Please print all of the entries, matching them exactly.

........

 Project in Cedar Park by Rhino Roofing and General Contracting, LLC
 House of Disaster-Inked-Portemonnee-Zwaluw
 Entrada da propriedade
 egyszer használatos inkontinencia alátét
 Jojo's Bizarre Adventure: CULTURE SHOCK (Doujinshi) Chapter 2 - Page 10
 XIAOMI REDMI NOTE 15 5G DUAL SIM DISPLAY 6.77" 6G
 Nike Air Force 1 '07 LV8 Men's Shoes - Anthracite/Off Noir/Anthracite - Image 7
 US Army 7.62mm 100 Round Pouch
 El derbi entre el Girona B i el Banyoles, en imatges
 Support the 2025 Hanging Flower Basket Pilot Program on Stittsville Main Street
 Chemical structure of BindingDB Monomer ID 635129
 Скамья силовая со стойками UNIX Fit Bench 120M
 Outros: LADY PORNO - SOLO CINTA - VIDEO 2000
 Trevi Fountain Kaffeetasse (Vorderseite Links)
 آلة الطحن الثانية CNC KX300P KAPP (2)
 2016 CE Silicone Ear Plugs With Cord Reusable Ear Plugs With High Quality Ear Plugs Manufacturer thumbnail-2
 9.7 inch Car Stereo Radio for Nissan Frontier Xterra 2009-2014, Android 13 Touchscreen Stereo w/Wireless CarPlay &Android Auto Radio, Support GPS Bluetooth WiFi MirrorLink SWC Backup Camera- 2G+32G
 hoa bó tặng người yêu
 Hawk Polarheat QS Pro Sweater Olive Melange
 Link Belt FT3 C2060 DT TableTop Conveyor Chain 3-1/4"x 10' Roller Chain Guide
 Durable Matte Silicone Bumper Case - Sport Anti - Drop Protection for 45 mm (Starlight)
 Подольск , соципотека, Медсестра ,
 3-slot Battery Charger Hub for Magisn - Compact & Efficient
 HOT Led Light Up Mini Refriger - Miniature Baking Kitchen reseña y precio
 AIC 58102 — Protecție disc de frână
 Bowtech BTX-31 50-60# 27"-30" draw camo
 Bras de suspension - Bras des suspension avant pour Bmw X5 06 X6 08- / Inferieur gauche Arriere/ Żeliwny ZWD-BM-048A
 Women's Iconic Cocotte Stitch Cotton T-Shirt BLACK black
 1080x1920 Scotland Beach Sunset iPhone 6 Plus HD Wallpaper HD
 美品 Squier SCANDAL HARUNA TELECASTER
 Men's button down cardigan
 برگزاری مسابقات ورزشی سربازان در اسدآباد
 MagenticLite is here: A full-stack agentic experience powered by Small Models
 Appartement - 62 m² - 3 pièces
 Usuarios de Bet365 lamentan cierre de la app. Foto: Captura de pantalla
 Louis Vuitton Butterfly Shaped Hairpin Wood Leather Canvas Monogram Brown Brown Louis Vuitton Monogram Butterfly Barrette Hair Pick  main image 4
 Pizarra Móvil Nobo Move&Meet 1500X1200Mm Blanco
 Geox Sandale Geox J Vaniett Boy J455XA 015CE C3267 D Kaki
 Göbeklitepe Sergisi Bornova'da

........

▶ [RESPONSE AREA]:
 Project in Cedar Park by Rhino Roofing and General Contracting, LLC
 House of Disaster-Inked-Portemonnee-Zwaluw
 Entrada da propriedade
 egyszer használatos inkontinencia alátét
 Jojo's Bizarre Adventure: CULTURE SHOCK (Doujinshi) Chapter 2 - Page 10
 XIAOMI REDMI NOTE 15 5G DUAL SIM DISPLAY 6.77" 6G
 Nike Air Force 1 '07 LV8 Men's Shoes - Anthracite/Off Noir/Anthracite - Image 7
 US Army 7.62mm 100 Round Pouch
 El derbi entre el Girona B i el Banyoles, en imatges
 Support the 2025 Hanging Flower Basket Pilot Program on Stittsville Main Street
 Chemical structure of BindingDB Monomer ID 635129
 Скамья силовая со стойками UNIX Fit Bench 120M
 Outros: LADY PORNO - SOLO CINTA - VIDEO 2000
 Trevi Fountain Kaffeetasse (Vorderseite Links)
 آلة الطحن الثانية CNC KX300P KAPP (2)
 2016 CE Silicone Ear Plugs With Cord Reusable Ear Plugs With High Quality Ear Plugs Manufacturer thumbnail-2
 9.7 inch Car Stereo Radio for Nissan Frontier Xterra 2009-2014, Android 13 Touchscreen Stereo w/Wireless CarPlay &Android Auto Radio, Support GPS Bluetooth WiFi MirrorLink SWC Backup Camera- 2G+32G
 hoa bó tặng người yêu
 Hawk Polarheat QS Pro Sweater Olive Melange
 Link Belt FT3 C2060 DT TableTop Conveyor Chain 3-1/4"x 10' Roller Chain Guide
 Durable Matte Silicone Bumper Case - Sport Anti - Drop Protection for 45 mm (Starlight)
 Подольск , соципотека, Медсестра ,
 3-slot Battery Charger Hub for Magisn - Compact & Efficient
 HOT Led Light Up Mini Refriger - Miniature Baking Kitchen reseña y precio
 AIC 58102 — Protecție disc de frână
 Bowtech BTX-31 50-60# 27"-30" draw camo
 Bras de suspension - Bras des suspension avant pour Bmw X5 06 X6 08- / Inferieur gauche Arriere/ Żeliwny ZWD-BM-048A
 Women's Iconic Cocotte Stitch Cotton T-Shirt BLACK black
 1080x1920 Scotland Beach Sunset iPhone 6 Plus HD Wallpaper HD
 美品 Squier SCANDAL HARUNA TELECASTER
 Men's button down cardigan
 برگزاری مسابقات ورزشی سربازان در اسدآباد
 MagenticLite is here: A full-stack agentic experience powered by Small Models
 Appartement - 62 m² - 3 pièces
 Usuarios de Bet365 lamentan cierre de la app. Foto: Captura de pantalla
 Louis Vuitton Butterfly Shaped Hairpin Wood Leather Canvas Monogram Brown Brown Louis Vuitton Monogram Butterfly Barrette Hair Pick  main image 4
 Pizarra Móvil Nobo Move&Meet 1500X1200Mm Blanco
 Geox Sandale Geox J Vaniett Boy J455XA 015CE C3267 D Kaki
 Göbeklitepe Sergisi Bornova'da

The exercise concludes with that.